*PROBLEM DETAILS:* Output, word for word, the lines of this listing that fall between the line with "Milwaukee FSX reciprozaag" and the line with "据菲律宾媒体报道，昨天又有神职人员提请菲律宾参议院对现任副总统莎拉进", counting both of those lines, and no others.

*SUPPLIED ENTRIES:*

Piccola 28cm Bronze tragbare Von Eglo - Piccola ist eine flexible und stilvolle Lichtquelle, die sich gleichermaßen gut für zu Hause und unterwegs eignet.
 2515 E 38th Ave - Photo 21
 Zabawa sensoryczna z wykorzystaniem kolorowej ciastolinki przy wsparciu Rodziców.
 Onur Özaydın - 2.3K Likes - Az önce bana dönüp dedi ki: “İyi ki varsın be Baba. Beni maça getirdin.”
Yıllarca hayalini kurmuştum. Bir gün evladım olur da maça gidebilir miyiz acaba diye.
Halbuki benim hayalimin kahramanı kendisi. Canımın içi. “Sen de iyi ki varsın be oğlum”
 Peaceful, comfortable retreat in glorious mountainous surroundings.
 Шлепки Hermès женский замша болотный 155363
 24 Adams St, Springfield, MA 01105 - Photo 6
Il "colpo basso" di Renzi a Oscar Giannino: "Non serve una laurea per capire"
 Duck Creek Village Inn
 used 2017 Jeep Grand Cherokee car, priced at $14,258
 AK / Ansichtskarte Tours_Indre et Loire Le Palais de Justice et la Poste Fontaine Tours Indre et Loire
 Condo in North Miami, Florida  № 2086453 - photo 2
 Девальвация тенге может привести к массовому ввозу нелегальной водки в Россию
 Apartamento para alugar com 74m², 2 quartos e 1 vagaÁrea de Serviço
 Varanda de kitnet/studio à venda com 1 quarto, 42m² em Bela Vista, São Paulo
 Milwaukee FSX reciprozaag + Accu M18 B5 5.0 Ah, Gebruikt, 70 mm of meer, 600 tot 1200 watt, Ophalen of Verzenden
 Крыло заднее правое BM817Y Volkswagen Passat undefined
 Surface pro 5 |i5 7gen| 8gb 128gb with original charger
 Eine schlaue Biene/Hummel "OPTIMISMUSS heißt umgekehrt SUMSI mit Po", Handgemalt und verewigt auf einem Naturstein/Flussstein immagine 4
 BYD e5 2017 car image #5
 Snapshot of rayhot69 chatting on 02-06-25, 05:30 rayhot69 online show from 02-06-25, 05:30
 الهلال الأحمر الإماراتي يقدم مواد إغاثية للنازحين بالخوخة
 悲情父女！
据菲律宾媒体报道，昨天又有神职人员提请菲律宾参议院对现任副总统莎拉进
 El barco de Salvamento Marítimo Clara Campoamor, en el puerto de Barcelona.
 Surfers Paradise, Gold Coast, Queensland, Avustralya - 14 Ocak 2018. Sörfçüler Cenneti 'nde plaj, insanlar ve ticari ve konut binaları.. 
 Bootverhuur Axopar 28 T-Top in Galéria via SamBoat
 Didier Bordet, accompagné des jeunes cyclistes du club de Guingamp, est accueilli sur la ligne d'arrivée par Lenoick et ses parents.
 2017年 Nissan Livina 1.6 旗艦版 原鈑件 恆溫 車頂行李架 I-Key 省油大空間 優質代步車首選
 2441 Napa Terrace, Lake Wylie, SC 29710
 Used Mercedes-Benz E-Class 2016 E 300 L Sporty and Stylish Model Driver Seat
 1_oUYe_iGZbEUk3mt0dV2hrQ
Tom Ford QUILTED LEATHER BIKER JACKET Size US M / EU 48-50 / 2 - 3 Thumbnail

*WRITTEN ANSWER:*
 Milwaukee FSX reciprozaag + Accu M18 B5 5.0 Ah, Gebruikt, 70 mm of meer, 600 tot 1200 watt, Ophalen of Verzenden
 Крыло заднее правое BM817Y Volkswagen Passat undefined
 Surface pro 5 |i5 7gen| 8gb 128gb with original charger
 Eine schlaue Biene/Hummel "OPTIMISMUSS heißt umgekehrt SUMSI mit Po", Handgemalt und verewigt auf einem Naturstein/Flussstein immagine 4
 BYD e5 2017 car image #5
 Snapshot of rayhot69 chatting on 02-06-25, 05:30 rayhot69 online show from 02-06-25, 05:30
 الهلال الأحمر الإماراتي يقدم مواد إغاثية للنازحين بالخوخة
 悲情父女！
据菲律宾媒体报道，昨天又有神职人员提请菲律宾参议院对现任副总统莎拉进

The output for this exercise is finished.